2級 はがきに通信文を書く 概要とねらい
硬筆書写検定2級の第5問は、官製はがきと同じ形式の答案用紙に95字程度の通信文をタテ書きで体裁よく書く問題です。
受験する級位によって実技の第5問は、問題の内容がそれぞれ異なります。
- 3級 第5問
- はがきの宛名を書く
- 2級 第5問
- はがきに通信文を書く
- 1級 第5問
- 漢詩・和歌など自由作品を書く
2級の場合は、はがきを模した無地の答案用紙に6~7行のタテ書き文章を体裁よく書く問題になっています。
この場合の体裁を良くとは、
- 適当な字の大きさで、
- 適度な字間や行間を取りながら、
- 行が曲がったりしないように書き進める。
このような端正さが求められています。
年賀状や暑中見舞いを手書きで作成したい人にとっては、第5問の対策を通して実のある成果を期待できます。
実際の合格答案例
(わかくさ通信 平成23年11月号より)
(わかくさ通信 平成24年11月号より)
これは、2級第5問の合格答案例(2パターン)です。
後者の例はだいぶレベルが高いように思いますが、この答案は『1,2級合格のポイント』に掲載されている模範例(見本)でもあります。
書体の指定は特にありません。
- 楷書のみの構成
- 仮名を連綿としない行書
- 仮名の連綿を含んだ行書
このうち、ひとつの書き方を選ぶことになります。
上の例を見る限りでは、楷書のみ & 文章の配置にやや不自然さが残るような書きぶりであっても合格点となるようです。
答案する際の留意点
適度な行間を踏まえて書かなければならない点で、第3問のタテ書き問題とは別種の難しさがあります。

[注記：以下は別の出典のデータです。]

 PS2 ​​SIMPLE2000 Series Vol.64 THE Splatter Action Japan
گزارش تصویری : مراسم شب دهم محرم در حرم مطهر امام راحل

天地・左右が詰まらないように適度な余白を残し、1行あたり14字前後を目安とすることで、字数にもよりますがおよそ6行で収まります。
左の行数が余る分には構いませんが、後になるほど文字が小さくなってしまうのはいけません。
まっすぐ芯が通った文を書くには
タテ書きで行がブレないようにするには、それぞれの文字が備えている中心軸を把握することが大切です。
行頭にくる文字の中心を基準として、以降は「書字する文字の中心」と「直前の文字の中心」を合わせるように配置していくと、まっすぐ芯が通った文が書けるようになります。
(日ペンボールペン字講座 基本編より)
初心者向け教材の多くは、手本に文字の中心はどこにあるのか明記してあります。中心軸を踏まえた書写の習慣によって、罫のないタテ書きにおいても行が左右にブレにくくなります。
さいごに 受験のための裏ワザを覚えるのではなく
当サイトの硬筆書写検定対策は、「どうすれば効率的に問題が解けるのか、評点が上がるのか」に焦点を絞り、より具体的な答案方法についてこれまでまとめてきました。

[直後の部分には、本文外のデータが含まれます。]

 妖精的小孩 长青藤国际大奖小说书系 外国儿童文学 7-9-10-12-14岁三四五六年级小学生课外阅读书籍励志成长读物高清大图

中でも答案前の下準備については、そのまま真似するだけで答案時間の短縮が見込めます。余った時間を利用して苦手な問題に注力したり、余裕を持った見直しによってケアレスミスに気付けるかもしれません。
ただ、こういったすぐに役立つ知識というのは極めて限定的な場面でしか役に立たず、たとえば定規に目印を付けておくテクニックは、第2問でしか使えないその場しのぎの手法です。
(『ペンの光』 5月号 手紙部課題 形臨)
硬筆を専門とした競書誌はそのほとんどが硬筆書写検定に準拠した課題を設けています。
何よりの検定対策は、普段から実践に即した課題に触れておくことであり、この習慣によって実生活の筆記スキルが段々と向上していきます(むしろこちらが本分でもある)。

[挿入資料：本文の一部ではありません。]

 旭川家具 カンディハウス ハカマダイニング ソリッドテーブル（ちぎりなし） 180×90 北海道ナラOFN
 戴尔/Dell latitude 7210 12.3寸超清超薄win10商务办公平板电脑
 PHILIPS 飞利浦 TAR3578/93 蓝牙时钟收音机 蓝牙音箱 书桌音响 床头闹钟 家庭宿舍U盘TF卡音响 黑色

最近は、てっとり早く結果のでることを謳っている本が多い。
細々とでも長く続ける事の意義、大切さを顧みる事が少なくなってきたように感じる。
細々とでも長く続けた事は簡単にくずれる事はない
- 『わかくさ通信』 平成27年11月号
短期間に集中して勉強し、資格取得のために受験する考えもあるでしょうが、個人的には日頃の練習成果を測るものさしとして検定を利用し、持てる力を全て出し切り悔いを残さないためのサプリメントとして当コンテンツを参考にしていただければ幸いです。